We have Robert (Richard Jenkins) and Theresa (Debra Winger) as the parents who have taught their daughter Old Dolio (Evan Rachel Wood) to rob, cheat, steal and deceive ever since she was just a little girl. Outside of stealing, she appears to have the mental capacity of a preteen even though she’s actually twenty-six. With her long hair that appears to be quite dry and wearing clothes that resembles Jay from the Jay and Silent Bob films, Old Dolio is stuck to her parents like glue on a book’s spine.
They have no money to their name and spend every waking moment looking for an easy score. They aren’t your typical thieves who will outright rob you at gunpoint but will be quite sneaky in the way they will get the money they need. One day while flying, the “family” meets a young woman named Melanie (Gina Rodriguez) while sitting next to her on a plane. They make small talk and eventually open up to her about what they are doing on the flight. It’s a plan in order to get some fast cash. Melanie seems like a nice lady and goes ahead with the plan for some reason. The movie doesn’t have time for explanations like this simple detail. For unknown reasons, Melanie plays along and begins to join in on the family’s schemes to make money.
Now, I mentioned that this is marketed as a comedy and sure enough there are a couple of laughs but to call this a comedy would be generous.
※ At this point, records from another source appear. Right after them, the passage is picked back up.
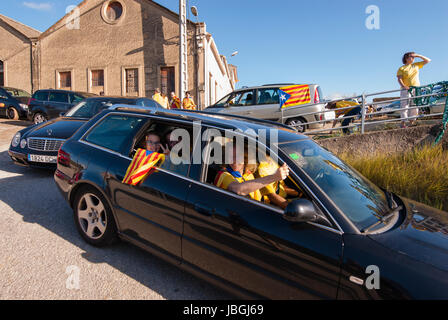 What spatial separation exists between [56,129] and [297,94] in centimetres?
689

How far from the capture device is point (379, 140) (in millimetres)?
6559

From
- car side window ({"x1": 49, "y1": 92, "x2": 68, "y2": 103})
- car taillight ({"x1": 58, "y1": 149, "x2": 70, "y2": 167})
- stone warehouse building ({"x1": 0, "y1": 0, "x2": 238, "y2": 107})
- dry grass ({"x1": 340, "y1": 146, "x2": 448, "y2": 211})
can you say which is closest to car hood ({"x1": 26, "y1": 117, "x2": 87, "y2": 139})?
car taillight ({"x1": 58, "y1": 149, "x2": 70, "y2": 167})

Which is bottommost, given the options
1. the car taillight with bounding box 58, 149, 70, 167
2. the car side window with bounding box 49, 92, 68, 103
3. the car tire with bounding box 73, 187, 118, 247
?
the car tire with bounding box 73, 187, 118, 247

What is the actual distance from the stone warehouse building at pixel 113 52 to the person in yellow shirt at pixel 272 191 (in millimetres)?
16320

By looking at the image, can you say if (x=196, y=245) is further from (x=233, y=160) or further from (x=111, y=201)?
(x=111, y=201)

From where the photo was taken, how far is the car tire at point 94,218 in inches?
118

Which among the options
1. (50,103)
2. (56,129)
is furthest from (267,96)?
(50,103)

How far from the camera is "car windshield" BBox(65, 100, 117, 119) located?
6.54 meters

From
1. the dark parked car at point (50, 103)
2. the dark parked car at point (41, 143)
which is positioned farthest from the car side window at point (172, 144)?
the dark parked car at point (50, 103)

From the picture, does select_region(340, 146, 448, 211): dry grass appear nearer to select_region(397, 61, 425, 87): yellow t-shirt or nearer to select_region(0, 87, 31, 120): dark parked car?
select_region(397, 61, 425, 87): yellow t-shirt

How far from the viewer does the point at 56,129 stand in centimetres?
578

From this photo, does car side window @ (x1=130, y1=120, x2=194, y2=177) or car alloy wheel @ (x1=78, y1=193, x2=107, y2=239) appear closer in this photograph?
car side window @ (x1=130, y1=120, x2=194, y2=177)

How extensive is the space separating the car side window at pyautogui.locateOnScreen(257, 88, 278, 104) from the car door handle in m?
→ 8.44

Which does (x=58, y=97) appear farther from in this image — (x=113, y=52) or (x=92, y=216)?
(x=92, y=216)
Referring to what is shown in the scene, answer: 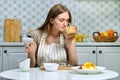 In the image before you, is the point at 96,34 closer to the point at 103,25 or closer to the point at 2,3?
the point at 103,25

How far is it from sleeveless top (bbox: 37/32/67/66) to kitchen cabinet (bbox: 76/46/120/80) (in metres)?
0.95

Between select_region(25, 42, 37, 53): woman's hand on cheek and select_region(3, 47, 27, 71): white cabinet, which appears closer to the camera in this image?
select_region(25, 42, 37, 53): woman's hand on cheek

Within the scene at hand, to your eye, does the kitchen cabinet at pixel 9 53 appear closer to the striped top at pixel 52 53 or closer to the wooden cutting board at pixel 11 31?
the wooden cutting board at pixel 11 31

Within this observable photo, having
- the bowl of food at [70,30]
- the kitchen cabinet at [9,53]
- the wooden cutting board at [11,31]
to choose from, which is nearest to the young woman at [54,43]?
the bowl of food at [70,30]

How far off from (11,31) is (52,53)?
1.16 metres

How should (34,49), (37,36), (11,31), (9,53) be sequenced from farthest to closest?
1. (11,31)
2. (9,53)
3. (37,36)
4. (34,49)

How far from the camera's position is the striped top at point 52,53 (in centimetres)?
237

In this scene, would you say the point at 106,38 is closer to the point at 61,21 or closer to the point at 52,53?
the point at 61,21

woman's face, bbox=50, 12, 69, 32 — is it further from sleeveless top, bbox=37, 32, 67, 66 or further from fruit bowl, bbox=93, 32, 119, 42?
fruit bowl, bbox=93, 32, 119, 42

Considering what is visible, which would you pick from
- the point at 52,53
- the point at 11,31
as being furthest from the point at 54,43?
the point at 11,31

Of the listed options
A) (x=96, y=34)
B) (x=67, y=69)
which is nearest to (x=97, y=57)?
(x=96, y=34)

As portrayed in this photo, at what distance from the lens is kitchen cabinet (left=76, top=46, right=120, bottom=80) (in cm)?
338

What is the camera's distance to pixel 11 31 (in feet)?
11.1

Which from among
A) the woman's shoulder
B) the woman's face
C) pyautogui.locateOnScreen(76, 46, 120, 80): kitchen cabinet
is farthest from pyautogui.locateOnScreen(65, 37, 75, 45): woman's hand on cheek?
pyautogui.locateOnScreen(76, 46, 120, 80): kitchen cabinet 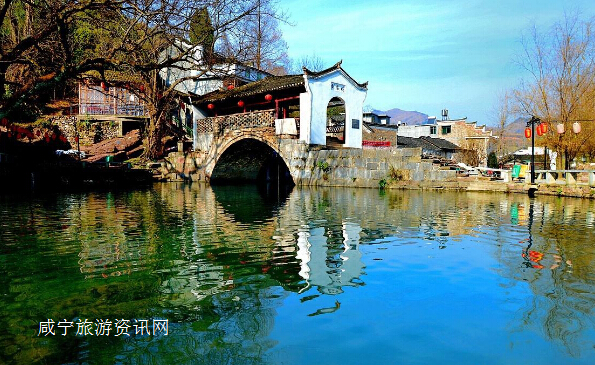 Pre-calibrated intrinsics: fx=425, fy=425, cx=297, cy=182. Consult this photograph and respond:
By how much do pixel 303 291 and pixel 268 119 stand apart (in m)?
20.4

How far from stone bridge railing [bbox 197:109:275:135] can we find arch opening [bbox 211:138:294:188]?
3.63 feet

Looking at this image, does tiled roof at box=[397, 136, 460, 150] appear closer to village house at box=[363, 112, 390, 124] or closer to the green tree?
village house at box=[363, 112, 390, 124]

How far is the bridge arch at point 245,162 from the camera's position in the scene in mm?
27266

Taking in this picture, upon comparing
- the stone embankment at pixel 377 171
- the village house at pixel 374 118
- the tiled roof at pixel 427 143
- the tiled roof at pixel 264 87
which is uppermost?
the village house at pixel 374 118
This is a drama in every sense of the word and for people who think they are watching a heist/comedy film, you’ll be sadly mistaken and bored while viewing Kajillionaire. Personally, I wasn’t bored but I did enjoy seeing the moments of how this family interacted with each other, or lack of a better word. Both Robert and Theresa treat Old Dolio unlike anything resembling a loving relationship within a family dynamic. She’s the one that no one will notice or even suspect. Let Old Dolio take all the risk while the parents wait around the corner so they can split the score evenly three ways. It’s quite sad to think about but the acting here is truly wonderful to see.
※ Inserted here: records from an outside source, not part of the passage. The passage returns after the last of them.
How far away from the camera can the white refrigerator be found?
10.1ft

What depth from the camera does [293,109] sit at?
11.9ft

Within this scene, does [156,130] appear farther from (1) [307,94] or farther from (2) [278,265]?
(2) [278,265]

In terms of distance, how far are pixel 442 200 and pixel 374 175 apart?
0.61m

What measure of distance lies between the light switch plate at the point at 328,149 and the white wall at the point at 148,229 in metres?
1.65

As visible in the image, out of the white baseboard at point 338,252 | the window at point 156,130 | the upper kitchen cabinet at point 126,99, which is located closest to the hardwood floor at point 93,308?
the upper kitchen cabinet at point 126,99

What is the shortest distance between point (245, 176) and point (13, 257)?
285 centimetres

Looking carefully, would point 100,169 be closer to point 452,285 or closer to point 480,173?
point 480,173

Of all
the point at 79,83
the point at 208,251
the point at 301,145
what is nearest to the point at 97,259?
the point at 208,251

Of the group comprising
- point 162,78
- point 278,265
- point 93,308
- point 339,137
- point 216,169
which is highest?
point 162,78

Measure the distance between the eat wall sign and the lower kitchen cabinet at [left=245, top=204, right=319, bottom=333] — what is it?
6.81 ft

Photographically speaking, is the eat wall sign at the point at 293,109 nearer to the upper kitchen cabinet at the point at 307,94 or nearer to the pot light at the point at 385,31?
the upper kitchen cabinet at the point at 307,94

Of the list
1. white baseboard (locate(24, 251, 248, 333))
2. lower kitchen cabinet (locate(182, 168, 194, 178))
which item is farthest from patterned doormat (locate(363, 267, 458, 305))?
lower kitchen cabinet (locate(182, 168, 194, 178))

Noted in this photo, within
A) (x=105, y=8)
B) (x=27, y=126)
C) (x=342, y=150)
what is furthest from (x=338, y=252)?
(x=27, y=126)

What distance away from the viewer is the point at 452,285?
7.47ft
The other moments that are great are the ones between Old Dolio and Melanie. Melanie is intrigued by this young woman who clearly missed out on childhood and self-discovery. The moments they share together are what make this movie really shine and the point of the film is not about earning all the money in the world but what we miss out when something in our lives is taken away. This family isn’t great and sadly it’s Old Dolio that’s the one who has suffered the greatest but only realizes it too late in a crucial moment with her parents. Writer and Director Miranda July (whom I’m unfamiliar with) has crafted a unique film that blends the calamity of this family and idea of what lies ahead with one breaks away from everything they’ve ever known. It’s simple, sweet and quite a treat.
Score 3 out of 5
Despite all the moments I enjoyed, Kajillionaire isn’t a movie that will bring the audience flocking to the theater. It may not be exciting to watch or laugh out loud funny, but the acting is good, the story is simplistic and the end result is one worth talking about. Again, what does money buy you? I may have gotten some answers but Kajillionaire doesn’t exactly feel like a heist movie that expels excitement or thrills. It’s a good film that shows promise from a director who succeeds in creating interesting characters that will be fun to talk about. I just wished there was more to the film than what’s provided. It’s could’ve used more additional scenes and perhaps more backstory but for what it is, I like Kajillionaire for everything it tries to be.